◆ **Task to complete**
Using the material below, print the line that contains "Kuhinja; kuhinjski aparati, drveni", the line that contains "Spilla smaltata per", and every line in between, exactly and nothing else.

◆ **Data in this exercise**
·····
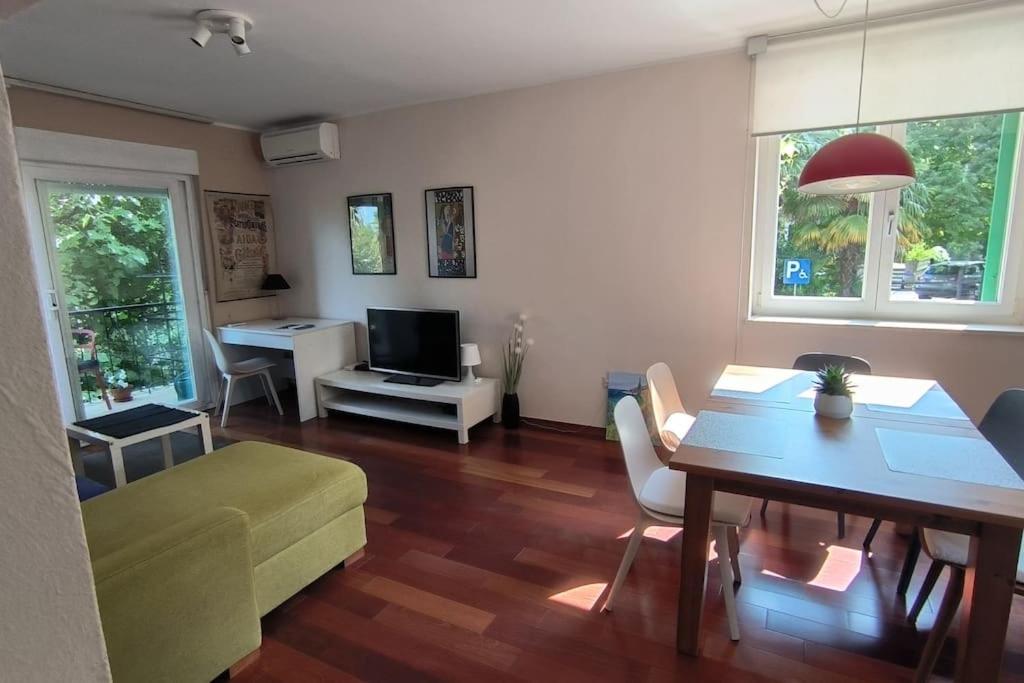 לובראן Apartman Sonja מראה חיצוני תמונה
·····
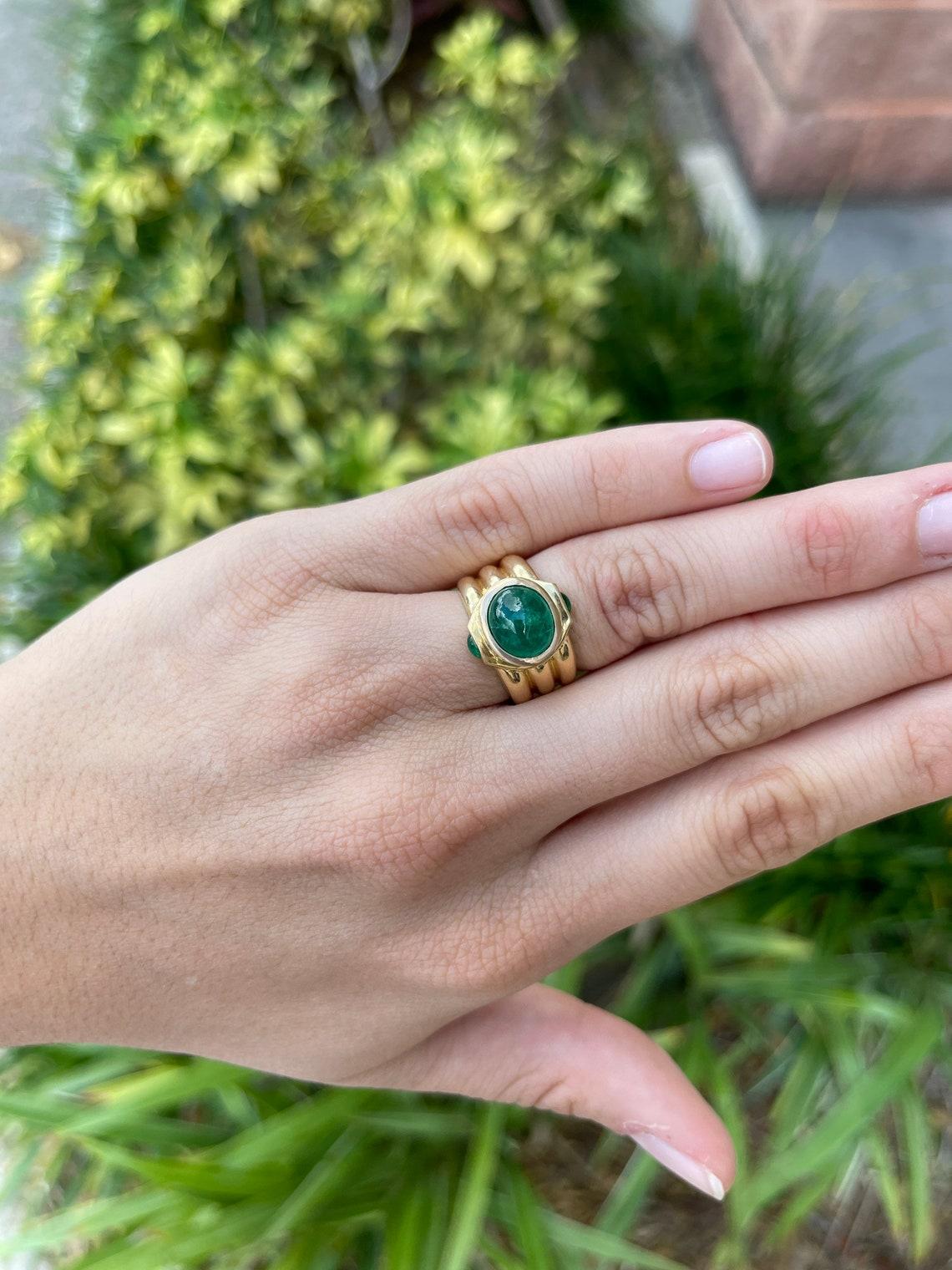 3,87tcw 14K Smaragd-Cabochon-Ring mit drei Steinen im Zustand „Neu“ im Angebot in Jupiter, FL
·····
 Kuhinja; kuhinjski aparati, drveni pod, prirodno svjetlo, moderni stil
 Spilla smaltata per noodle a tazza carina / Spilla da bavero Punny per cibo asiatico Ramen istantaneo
·····
◆ **The answer**
 Kuhinja; kuhinjski aparati, drveni pod, prirodno svjetlo, moderni stil
 Spilla smaltata per noodle a tazza carina / Spilla da bavero Punny per cibo asiatico Ramen istantaneo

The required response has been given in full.